With the line containing "Silver Shoreline Ring" as the final line, restate exactly every line of the data below from the first one onward, and copy no pictures.

■ ■ ■ ■ ■

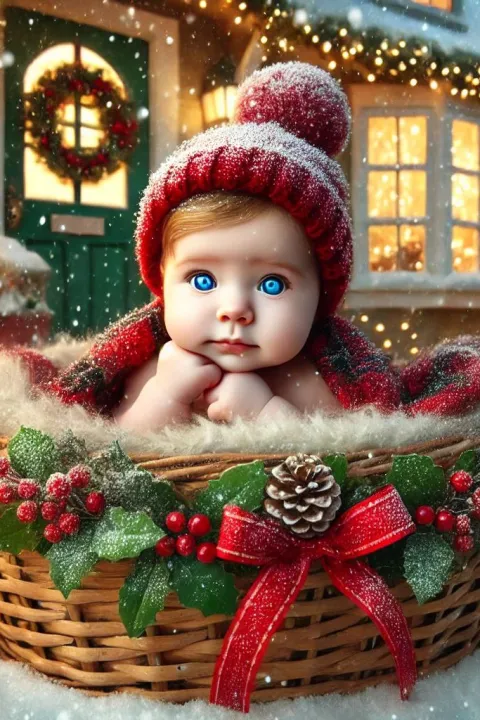 A Baby as a Christmas Gift by Lorie
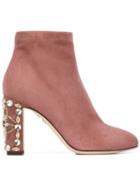 Dolce & Gabbana Zip-up Ankle Boots - Pink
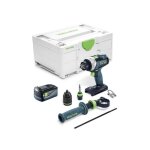 Festool - perceuse - visseuse sans fil tdc 18 / 4 i - basic - promo 2021 quadrive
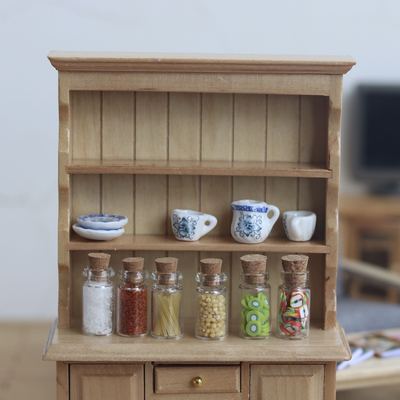 taobao agent #[Simulation seasoning bottle] 12 points BJD food and play OB11 baby to take pictures with kitchen baby house glass bottle dried fruit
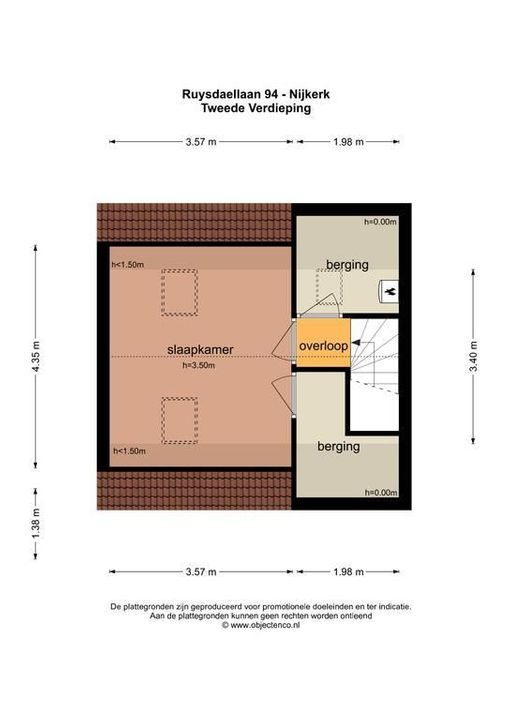 Ruysdaellaan 94, Nijkerk plattegrond-38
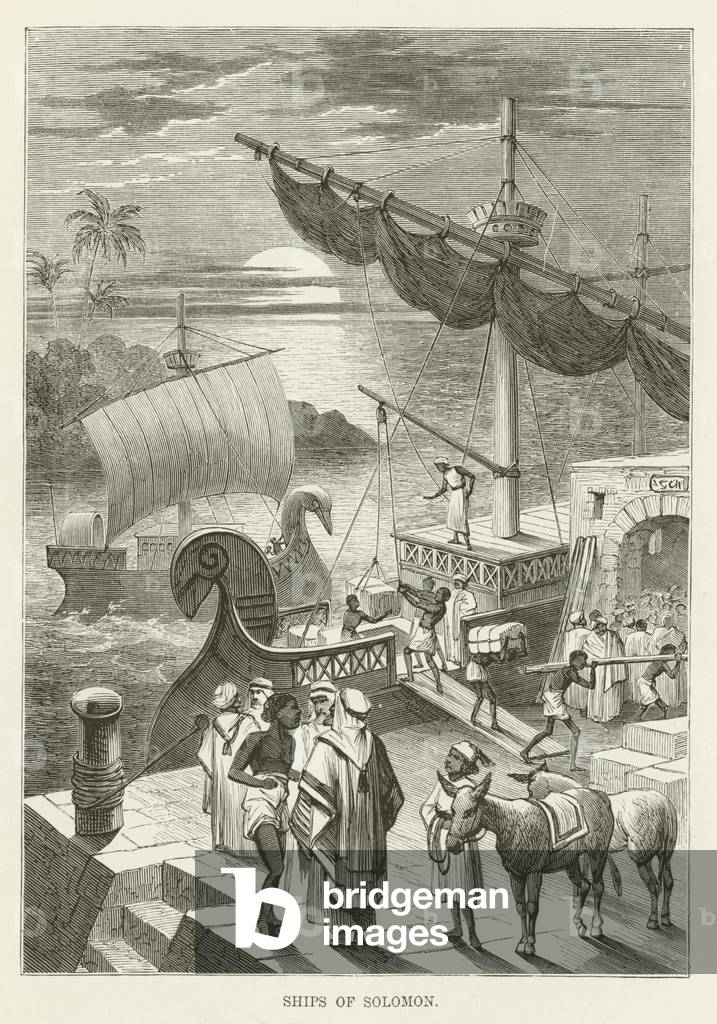 Ships of Solomon (engraving)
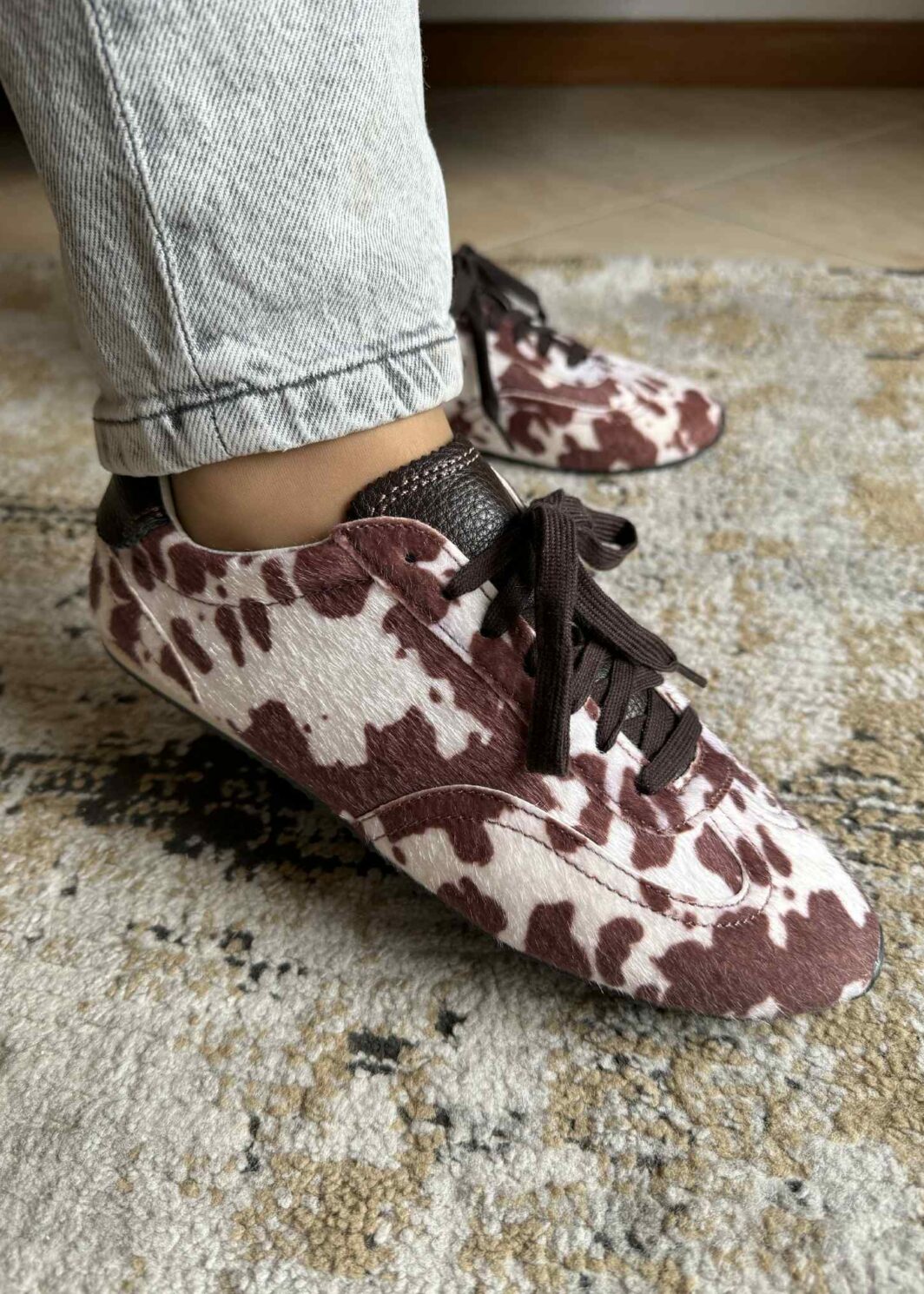 Sapatilha Corina Padrão Vaquinha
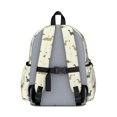 thumbnail image 3 of LightYellow Cartoon Dinosaurs Leaves Pattern Cute School Backpack with Padded Back and Adjustable Shoulder Straps 13.4"x11"x4.7", 3 of 5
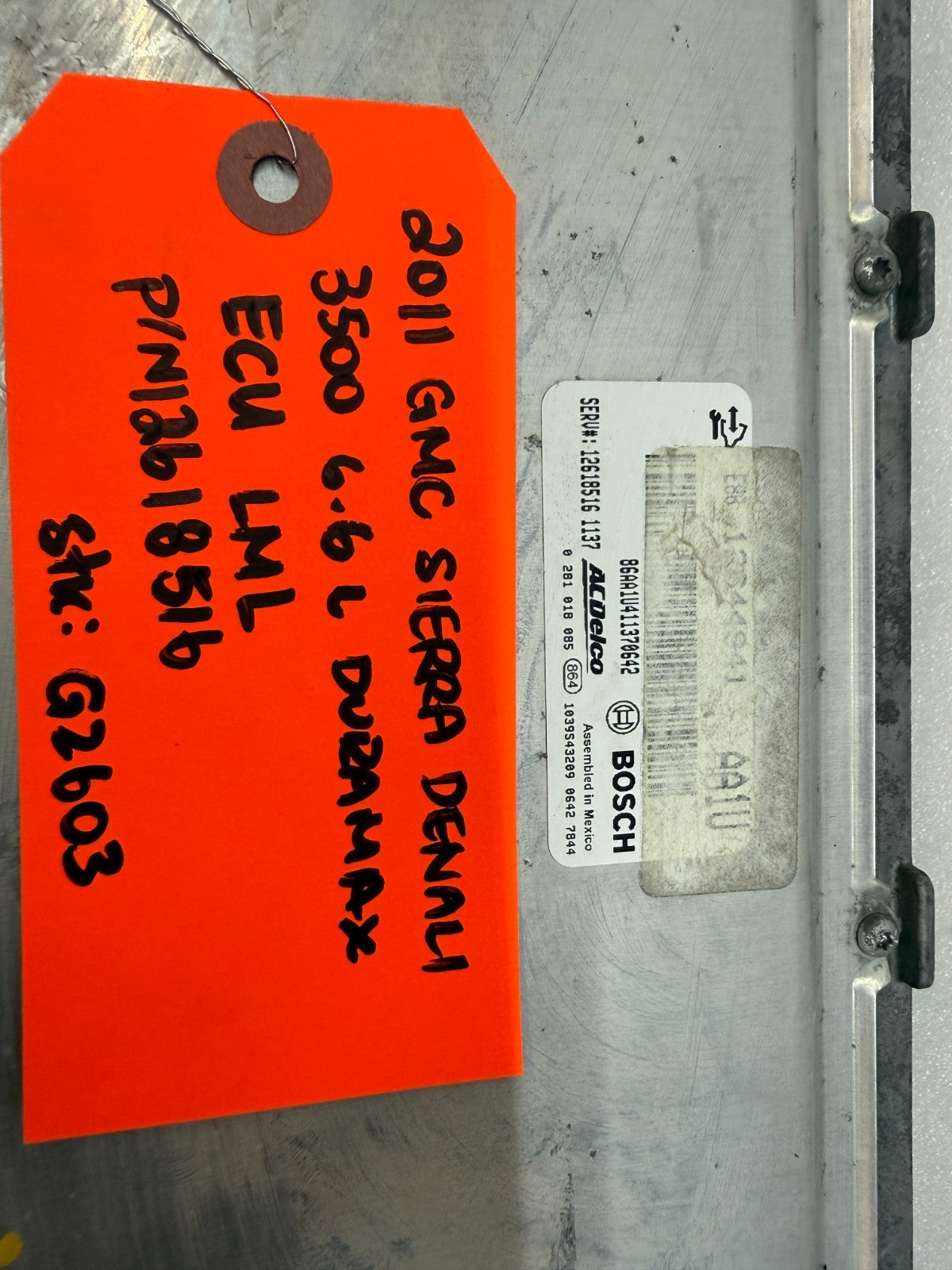 11-14 Chevrolet GMC 2500HD DURAMAX 6.6 LML OEM ENGINE COMPUTER ECU ECM 12618516
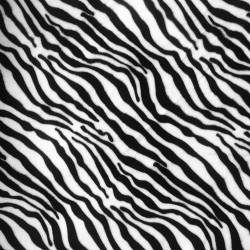 Fausse fourrure zebre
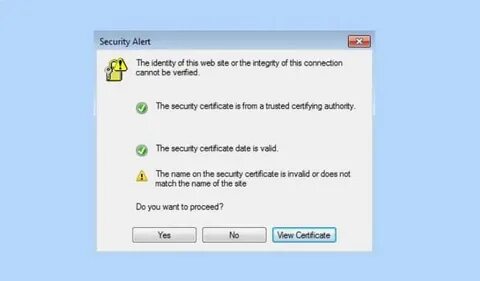 Security alert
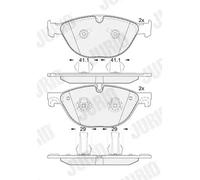JURID 574005J Brake pad set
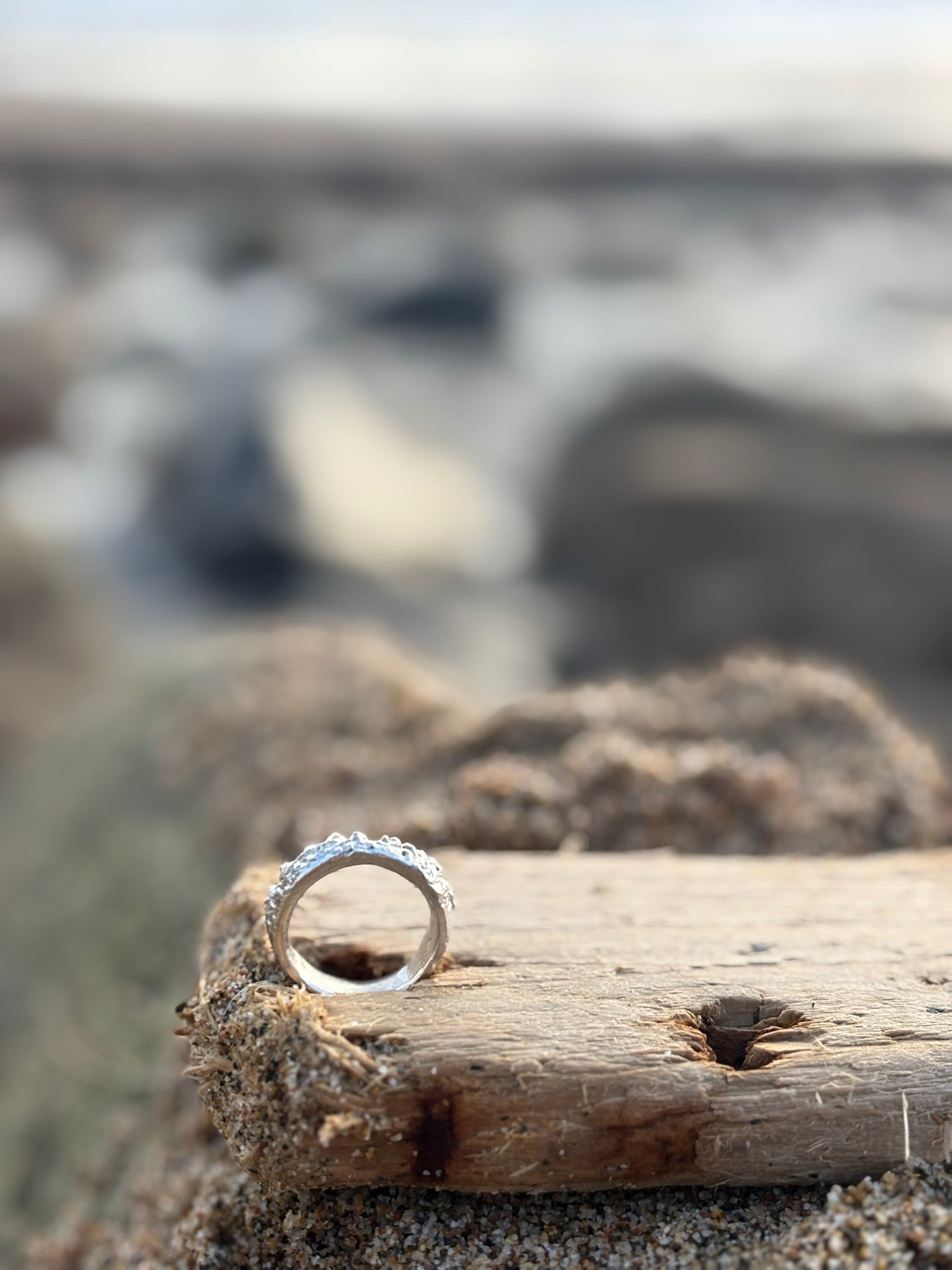 Silver Shoreline Ring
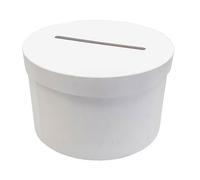 Urne - Ronde - Blanche - 24,5x24,5x15cm - Anniversaire - Mariage - Personnalisable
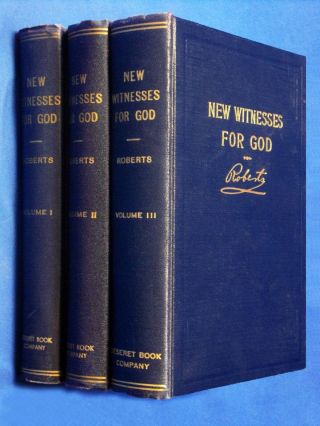 Vtg Set Of 3 Witnesses For God Bh Roberts Volume 1 2 3 Mormon Lds Hardcovers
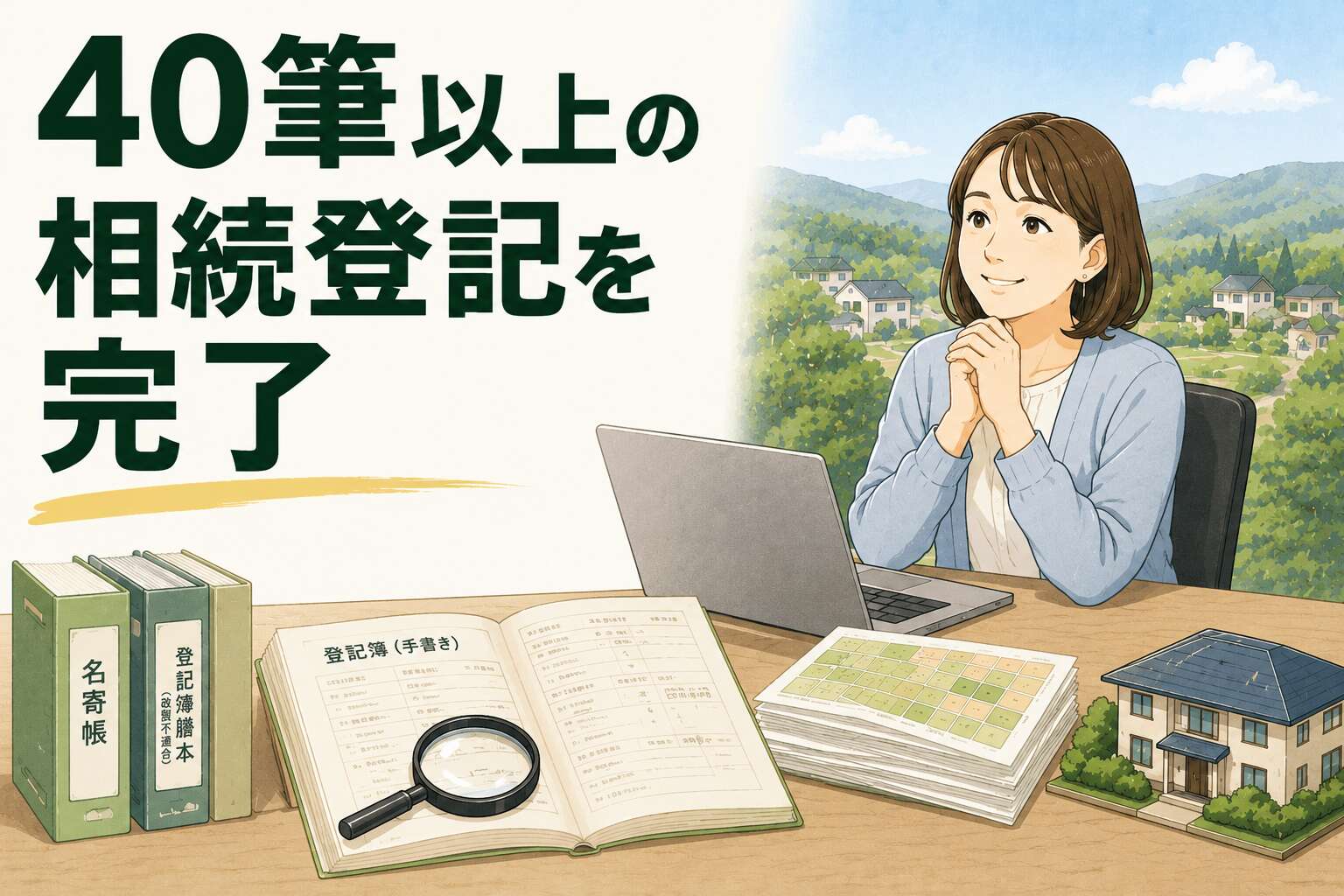 「5筆のはずが40筆以上に」所有者不明の土地まで網羅し、複雑な共有名義の相続登記を完了させた事例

■ ■ ■ ■ ■

Result of this exercise:
 A Baby as a Christmas Gift by Lorie
 Dolce & Gabbana Zip-up Ankle Boots - Pink
 Festool - perceuse - visseuse sans fil tdc 18 / 4 i - basic - promo 2021 quadrive
 taobao agent #[Simulation seasoning bottle] 12 points BJD food and play OB11 baby to take pictures with kitchen baby house glass bottle dried fruit
 Ruysdaellaan 94, Nijkerk plattegrond-38
 Ships of Solomon (engraving)
 Sapatilha Corina Padrão Vaquinha
 thumbnail image 3 of LightYellow Cartoon Dinosaurs Leaves Pattern Cute School Backpack with Padded Back and Adjustable Shoulder Straps 13.4"x11"x4.7", 3 of 5
 11-14 Chevrolet GMC 2500HD DURAMAX 6.6 LML OEM ENGINE COMPUTER ECU ECM 12618516
 Fausse fourrure zebre
 Security alert
JURID 574005J Brake pad set
 Silver Shoreline Ring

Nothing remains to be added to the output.